Раннее московское утро. В иллюминатор видна прозрачная синь неба, а ниже — плотная пелена облаков. В салоне тепло и уютно. Наволновавшись за ночь — вылет самолета откладывался несколько раз, — пассажиры дремали. Татьяна Сергеевна тоже старалась уснуть. Но то ли от грохота моторов, то ли от усталости, сон не приходил. Наплывали мысли о деле, ради которого она сейчас летела в Ростов-на-Дону. А дело сложное, запутанное, «захламленное» — как шутили ее товарищи по работе. Придется еще и летать, и в поездах трястись, и не одну бессонную ночь просидеть над документами. Такая уж у нее беспокойная должность. А другой ей не нужно. Начинала бы жизнь сначала, опять бы следователем стала. Конечно, трудно это, не очень-то приятно всю жизнь иметь дело с преступниками. Но зато и удовлетворение получаешь большое. Особенно когда вчерашний преступник человеком становится. Как Володя Николаев, например...

Однажды, подняв телефонную трубку, Татьяна Сергеевна услышала взволнованный голос:

— Гражданин следователь... товарищ Троицкая?
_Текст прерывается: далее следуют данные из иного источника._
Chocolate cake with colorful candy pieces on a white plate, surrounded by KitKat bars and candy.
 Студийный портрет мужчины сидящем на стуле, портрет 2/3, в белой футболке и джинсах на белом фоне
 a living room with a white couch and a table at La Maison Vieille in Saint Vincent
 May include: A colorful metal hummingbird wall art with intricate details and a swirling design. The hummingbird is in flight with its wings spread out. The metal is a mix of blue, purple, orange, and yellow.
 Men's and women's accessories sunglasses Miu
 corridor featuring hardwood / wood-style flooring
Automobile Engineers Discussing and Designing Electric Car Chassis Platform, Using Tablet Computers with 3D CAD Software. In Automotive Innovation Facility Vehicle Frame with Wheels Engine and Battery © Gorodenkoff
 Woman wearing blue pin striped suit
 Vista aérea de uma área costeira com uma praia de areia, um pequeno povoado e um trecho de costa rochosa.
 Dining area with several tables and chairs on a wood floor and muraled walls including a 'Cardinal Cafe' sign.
Это Николаев Владимир. Вы меня помните? Я очень хочу увидеться с вами, очень... Можно мне зайти?

Она заказала пропуск. Профессиональная память быстро подсказала ей, кто такой Николаев, хотя за годы, что она не видела Володю, в этом кабинете побывали сотни людей. Татьяна Сергеевна тотчас же представила себе Володю таким, каким видела его в последний раз.